■ **EXTRACTED DATA**:
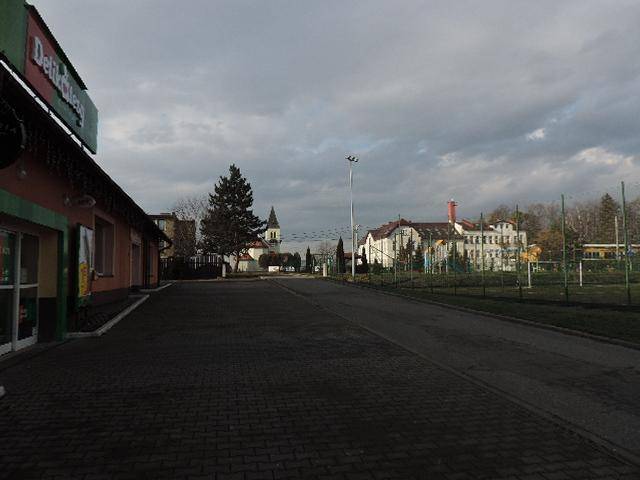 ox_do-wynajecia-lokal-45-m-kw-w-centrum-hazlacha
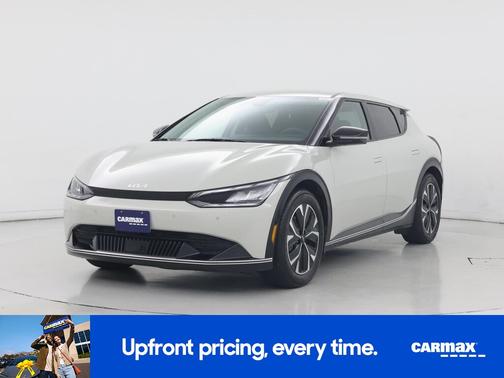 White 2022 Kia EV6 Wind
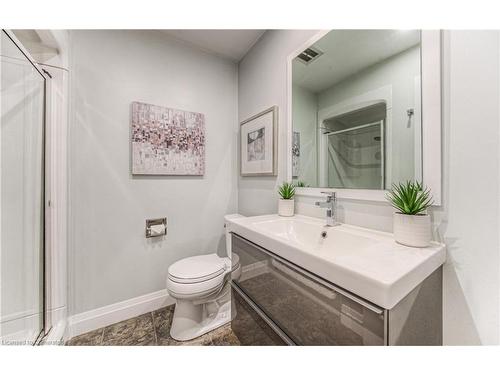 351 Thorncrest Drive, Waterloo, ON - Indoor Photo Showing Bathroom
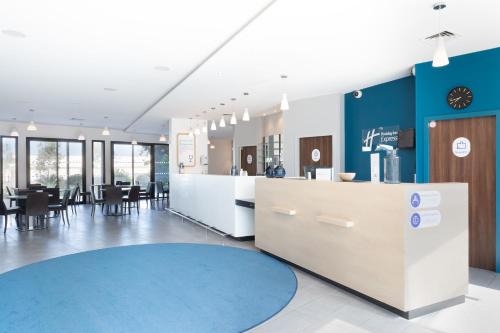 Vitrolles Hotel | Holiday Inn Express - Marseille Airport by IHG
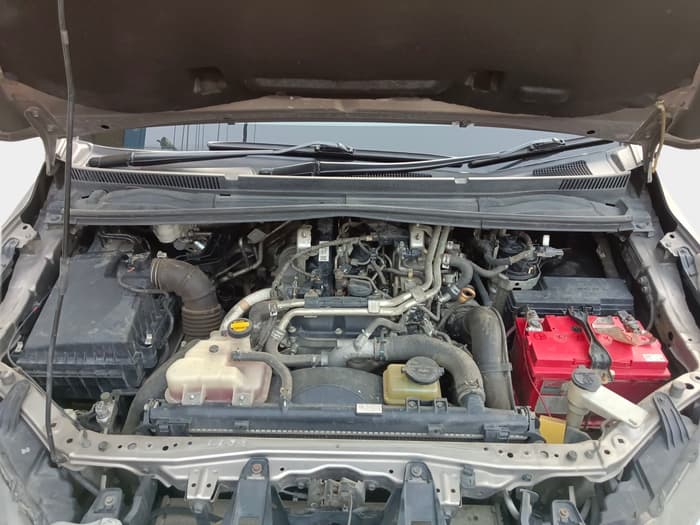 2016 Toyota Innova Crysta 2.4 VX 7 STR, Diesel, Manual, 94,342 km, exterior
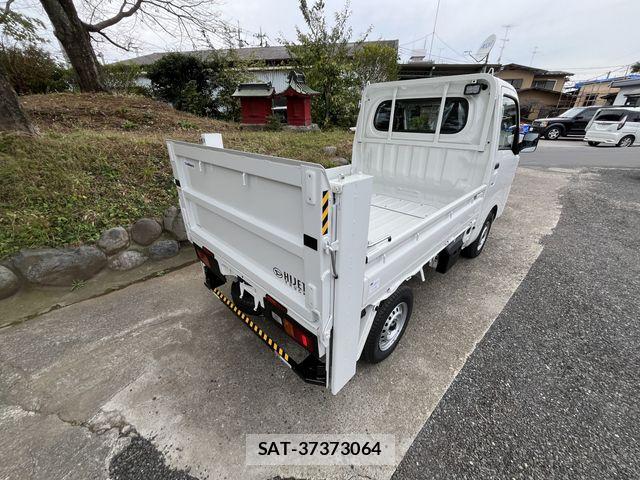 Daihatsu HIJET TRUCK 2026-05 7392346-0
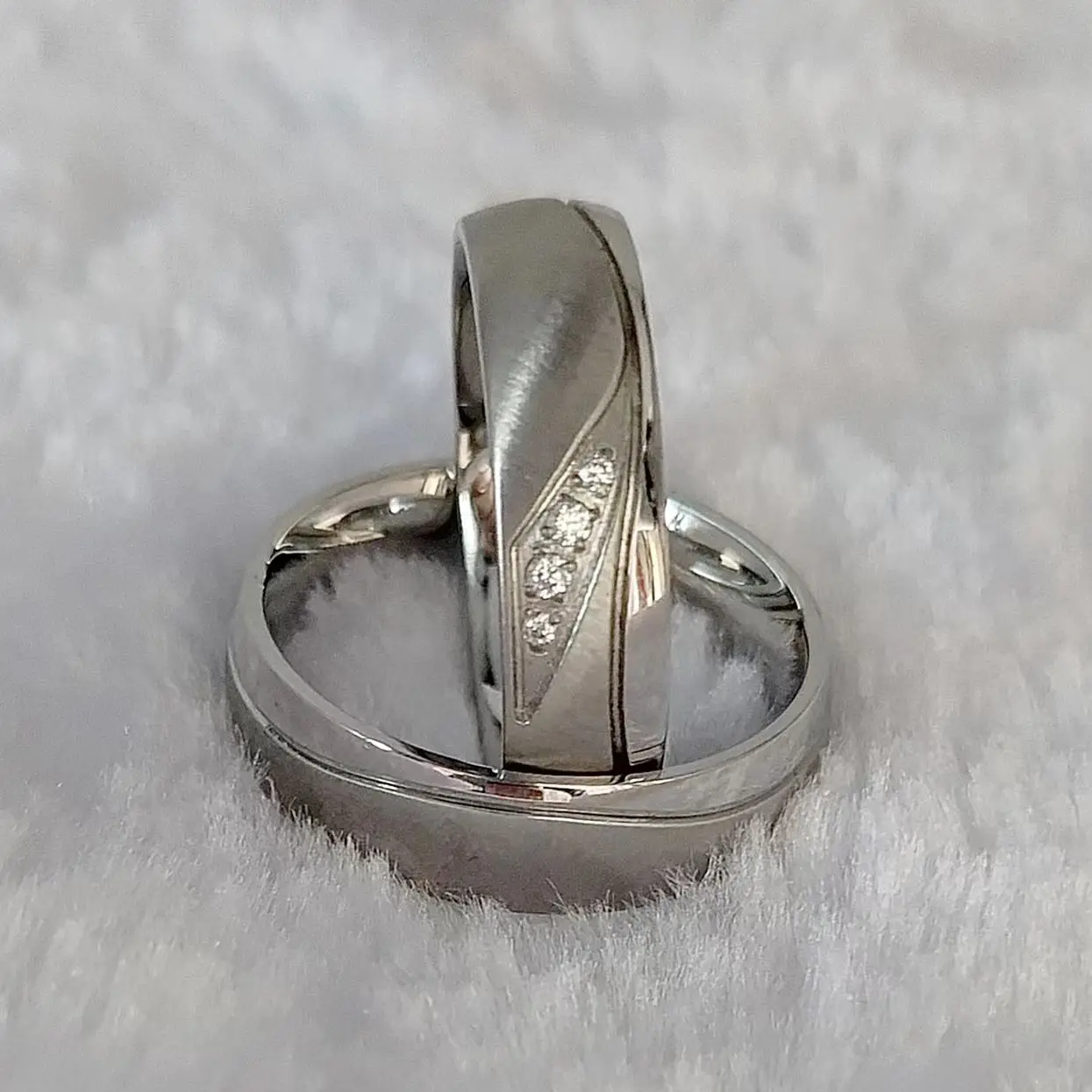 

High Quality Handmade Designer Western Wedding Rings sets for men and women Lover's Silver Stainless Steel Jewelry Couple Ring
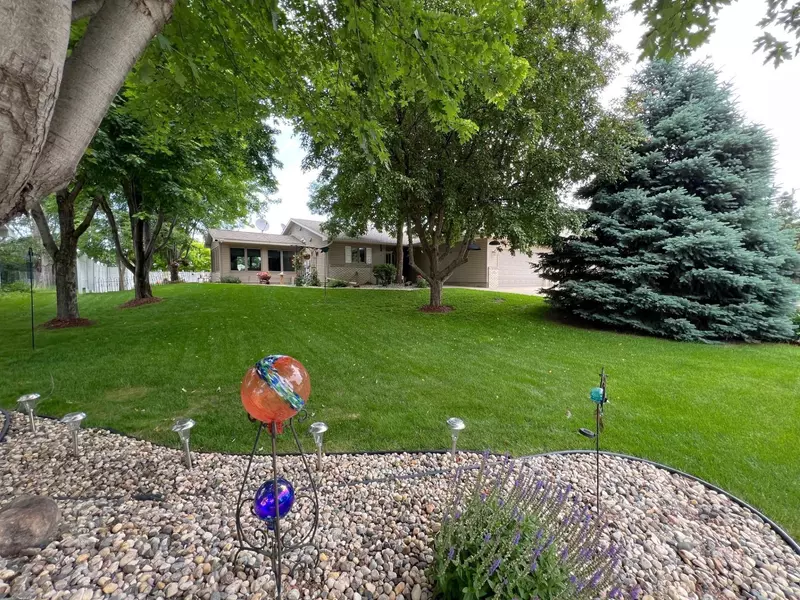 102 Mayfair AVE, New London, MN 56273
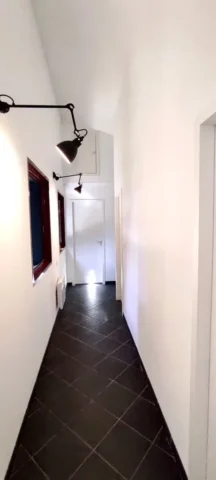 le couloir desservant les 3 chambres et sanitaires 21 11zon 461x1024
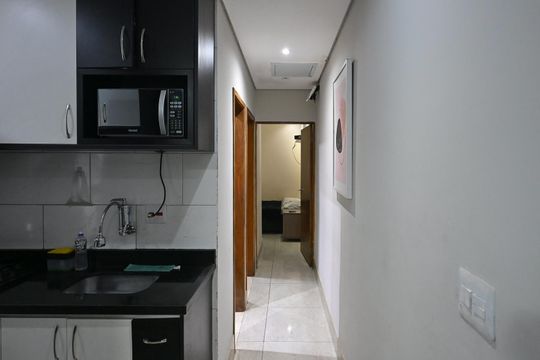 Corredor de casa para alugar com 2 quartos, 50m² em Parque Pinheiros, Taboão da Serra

...

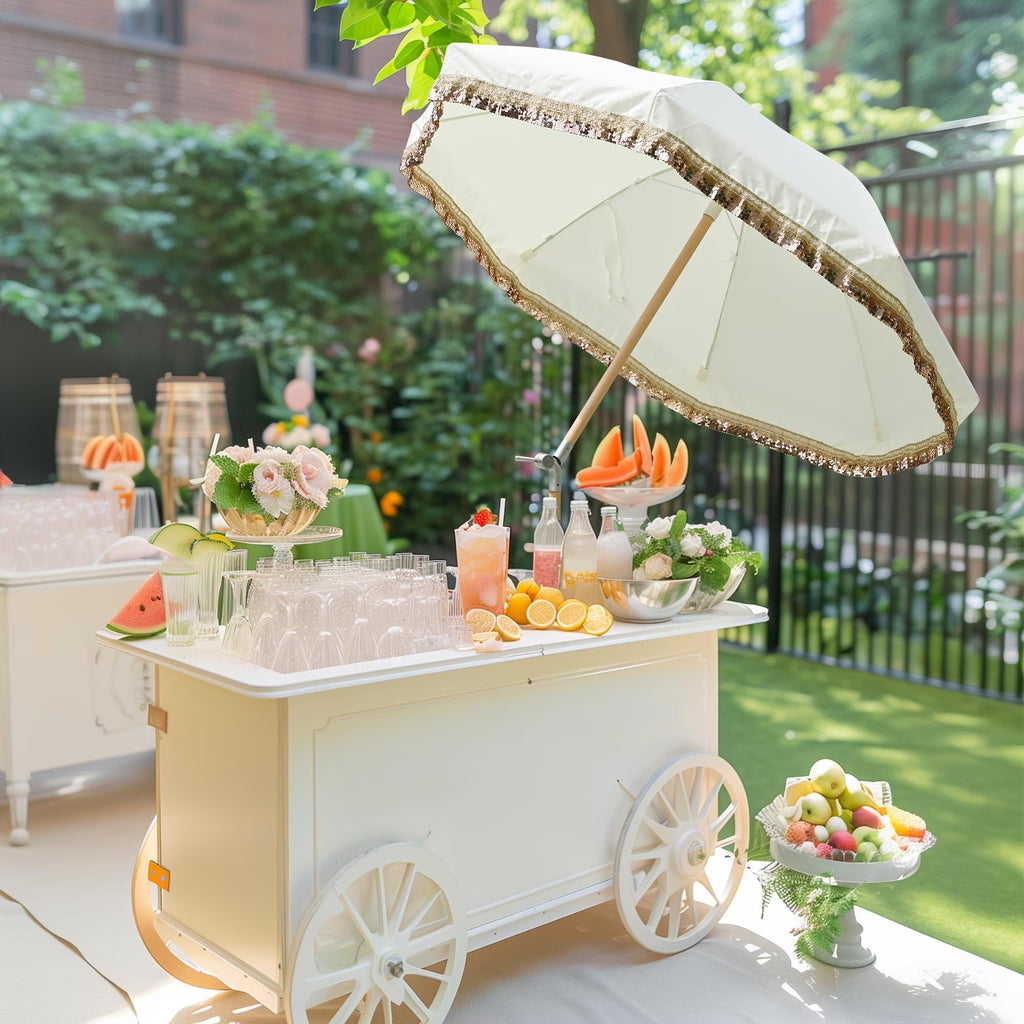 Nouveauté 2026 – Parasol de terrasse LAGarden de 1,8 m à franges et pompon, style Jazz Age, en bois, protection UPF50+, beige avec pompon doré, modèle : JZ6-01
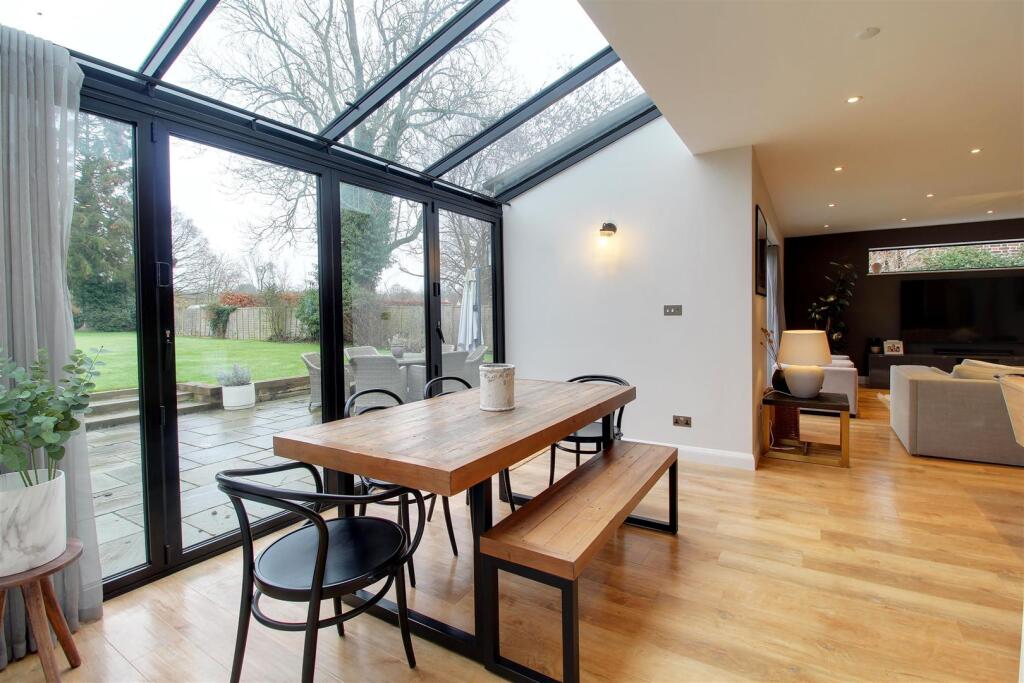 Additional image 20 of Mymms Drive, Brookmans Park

■ **YOUR INSTRUCTIONS**:
Copy only the lines above from the one containing "Nouveauté 2026 –" through the one containing "Additional image 20", both included. Leave out the pictures.

■ **SOLUTION TO THIS TASK**:
 Nouveauté 2026 – Parasol de terrasse LAGarden de 1,8 m à franges et pompon, style Jazz Age, en bois, protection UPF50+, beige avec pompon doré, modèle : JZ6-01
 Additional image 20 of Mymms Drive, Brookmans Park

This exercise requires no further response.